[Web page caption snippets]
----------------------------------------

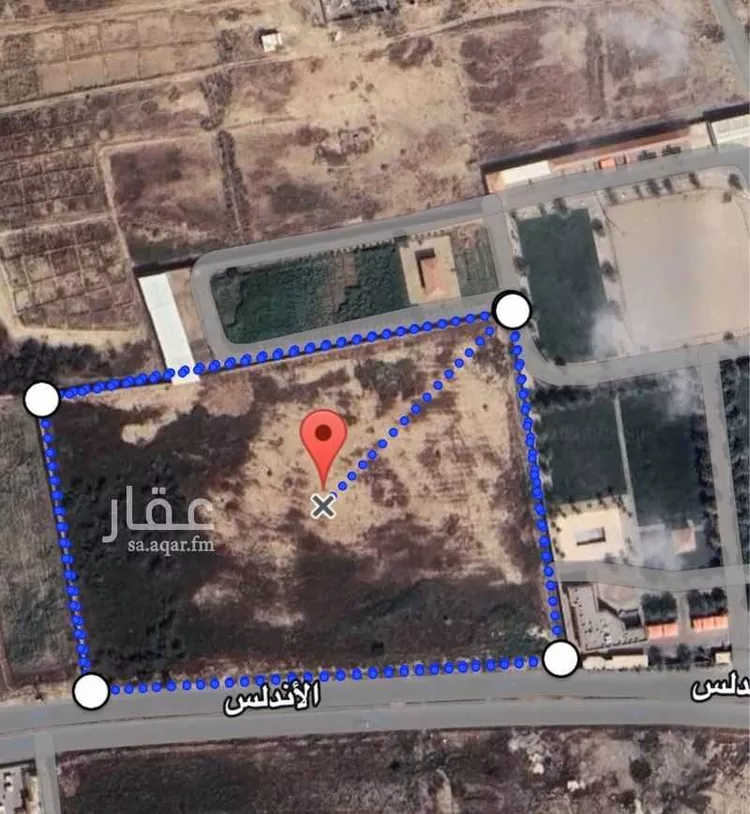 أرض للبيع في شارع الاندلس, حي الخالدية, مدينة بيش, منطقة جازان
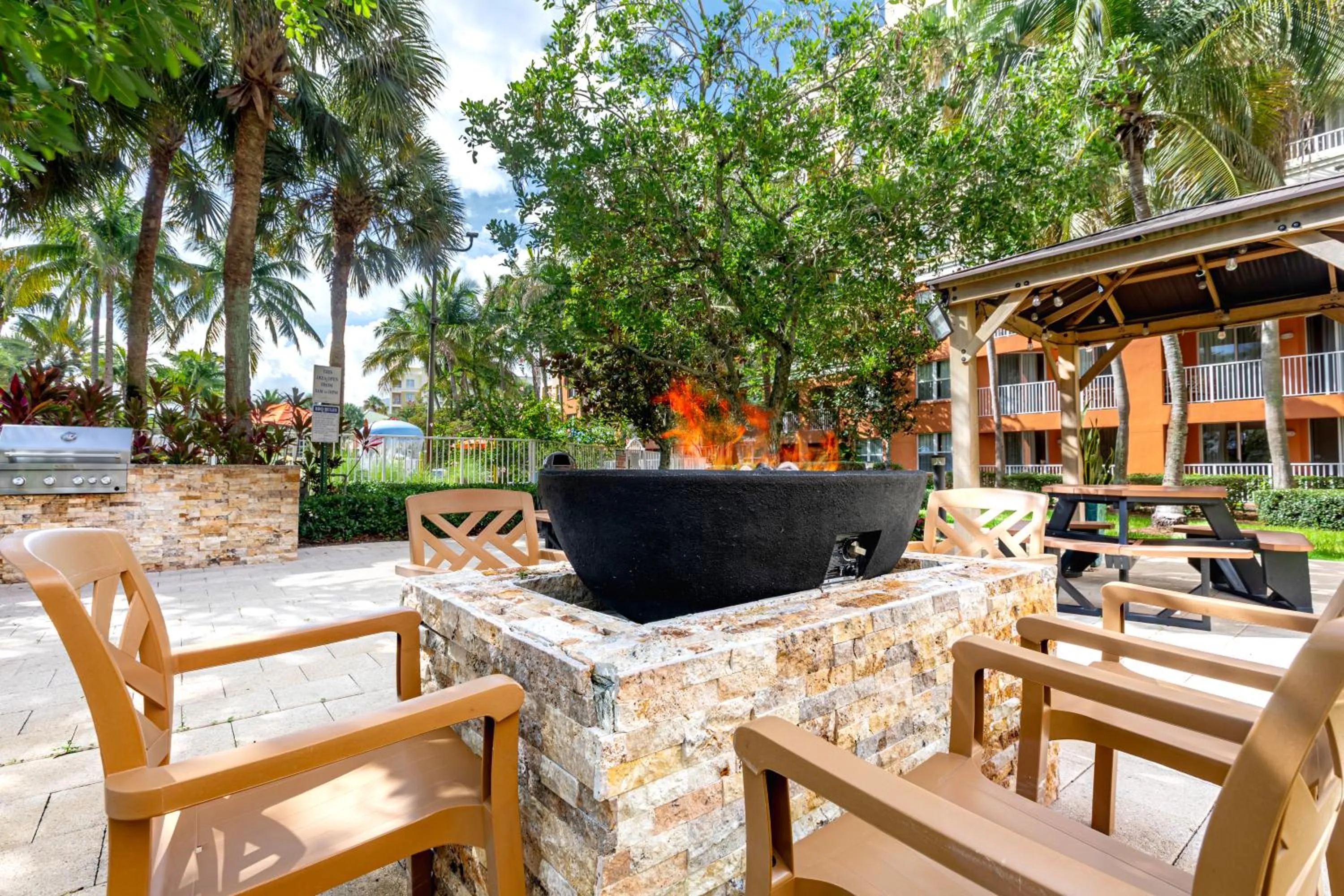 BBQ facilities in Vacation Village at Weston, Fort Lauderdale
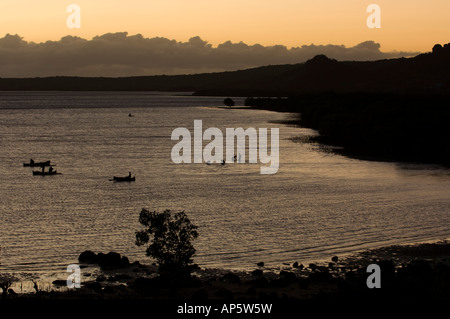 Angeln bei Sonnenaufgang, Bucht von Diego Suarez, Antsiranana, Diego Suarez, Madagaskar Stockfoto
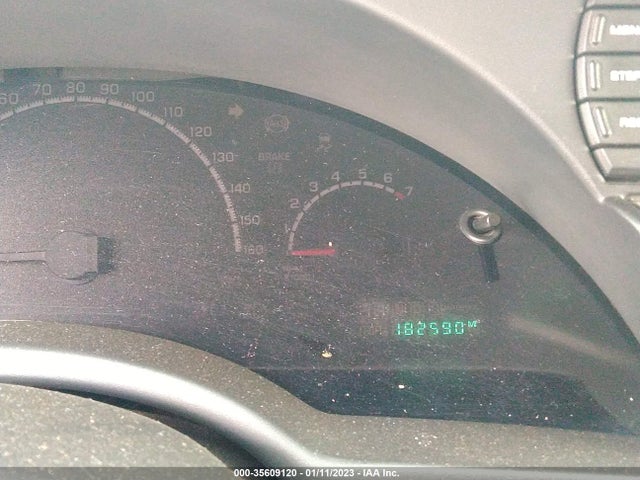 Chrysler Pacifica 2004 2C8GF68404R326141 Image 8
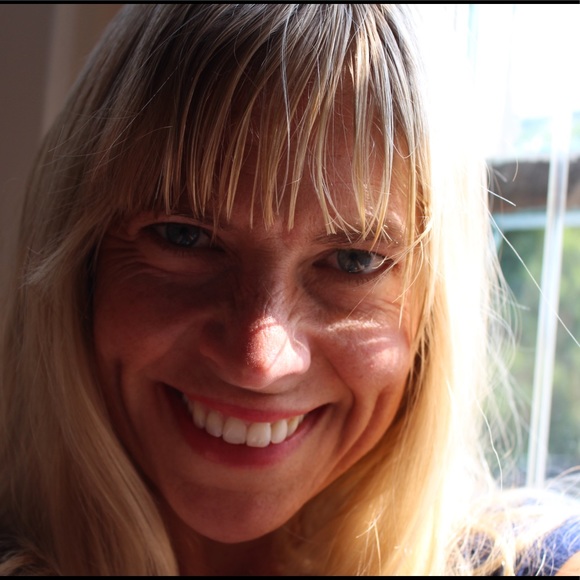 Meet your Posher, Chrisandra - Picture 1 of 1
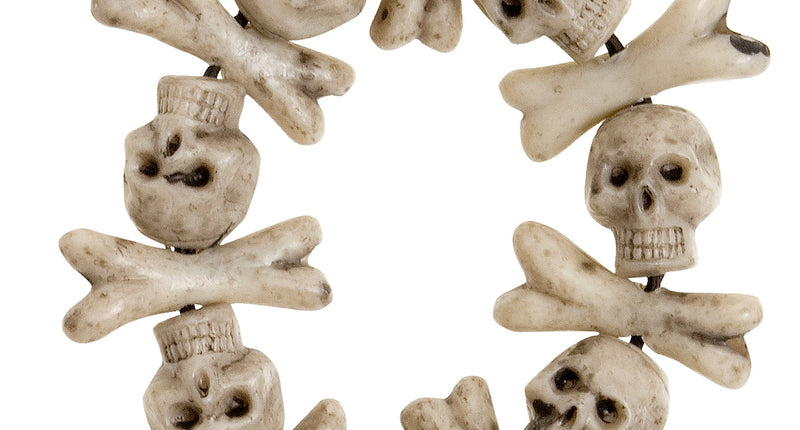 Zombie armband schedels en botten in botkleur, kunststof schedeltjes en gekruiste botjes op elastisch koord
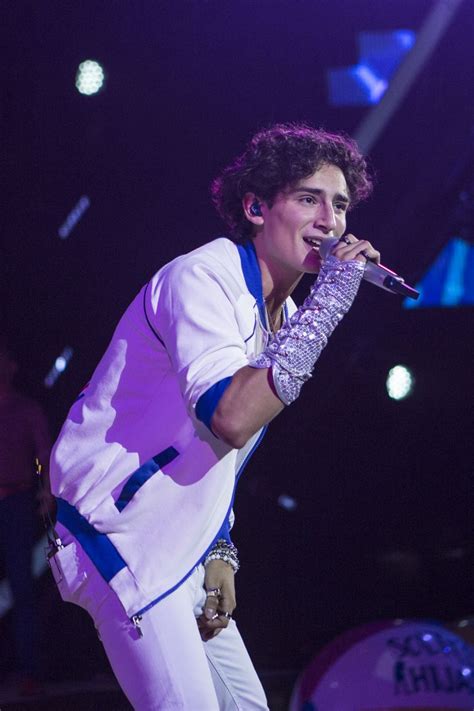 Emilio Osorio Disfruta De Las Vacaciones En Compañía De Su Novia La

----------------------------------------

Copy the records exactly. Skip the images.

## [Task solution]
 أرض للبيع في شارع الاندلس, حي الخالدية, مدينة بيش, منطقة جازان
 BBQ facilities in Vacation Village at Weston, Fort Lauderdale
 Angeln bei Sonnenaufgang, Bucht von Diego Suarez, Antsiranana, Diego Suarez, Madagaskar Stockfoto
 Chrysler Pacifica 2004 2C8GF68404R326141 Image 8
 Meet your Posher, Chrisandra - Picture 1 of 1
 Zombie armband schedels en botten in botkleur, kunststof schedeltjes en gekruiste botjes op elastisch koord
 Emilio Osorio Disfruta De Las Vacaciones En Compañía De Su Novia La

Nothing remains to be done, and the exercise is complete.